Et que dire de la collègue avec qui je m'entend si bien. Elle a insisté pour que la première personne qui arrive au restaurant réserve une place à côté d'elle pour l'autre. Elle voulait absolument que nous soyons assis ensemble. Plus tard vers la fin du repas, elle m'a demandé timidement s'il serait possible cet été de nous reprendre pour la sortie en kayak ratée de l'automne dernier, ou pour une randonnée pédestre ou quoi que ce soit d'autre. Imaginez-vous, elle m'a demandé la permission pour me téléphoner.

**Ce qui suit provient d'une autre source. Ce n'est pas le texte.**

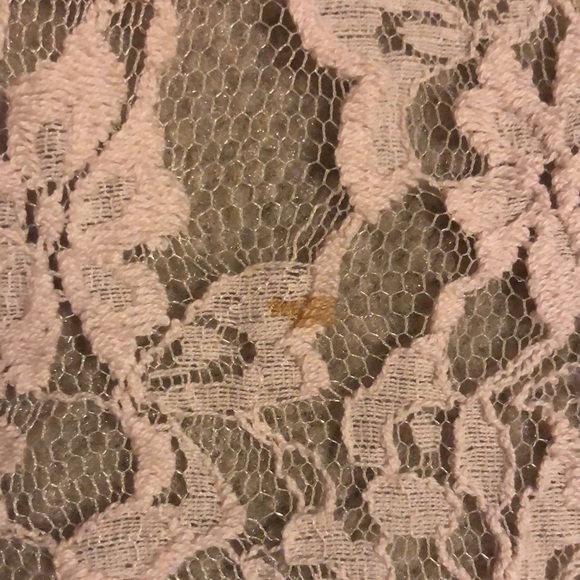 Lush Lace Crop Top with open back - Picture 4 of 4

Je trouve quand même incroyable qu'après toutes ces années elle semble encore douter de l'amitié et de l'affection que j'ai pour elle. Je dois admettre bien humblement que je suis sans doute partiellement responsable de ça.

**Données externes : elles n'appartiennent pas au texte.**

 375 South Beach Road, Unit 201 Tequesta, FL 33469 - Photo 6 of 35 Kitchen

Je me suis laissé porté ces deux derniers jours par cette belle énergie positive que j'ai reçu. Et j'ai réalisé que cette appréciation, je l'ai mérité au fil de mes vingt-trois années de service en restant toujours intègre, fidèle à moi-même, à mes principes et à mon étique professionnelle. Et ce, même dans un contexte gouvernemental. Pour un cynique comme moi, c'est une grande leçon d'humilité.

Ma dernière journée vendredi fut particulière. Plusieurs avaient pris congé pour prolonger la fin de semaine de la Saint-Jean, mais j'ai fais la tournée de ceux qui travaillaient en fin d'après-midi. Quand je suis allé voir Consoeur, j'ai bien senti que les au-revoir étaient particuliers. Il y avait un petit malaise, comme ce fut souvent le cas entre nous. Mais l'accolade fut plus longue, plus forte, qu'avec les autres. Et son sourire, qui m'a toujours fait chavirer, était sincère, chaleureux.

Elle veut que nous gardions contact. Mais je ne sais pas si ça serait une bonne idée.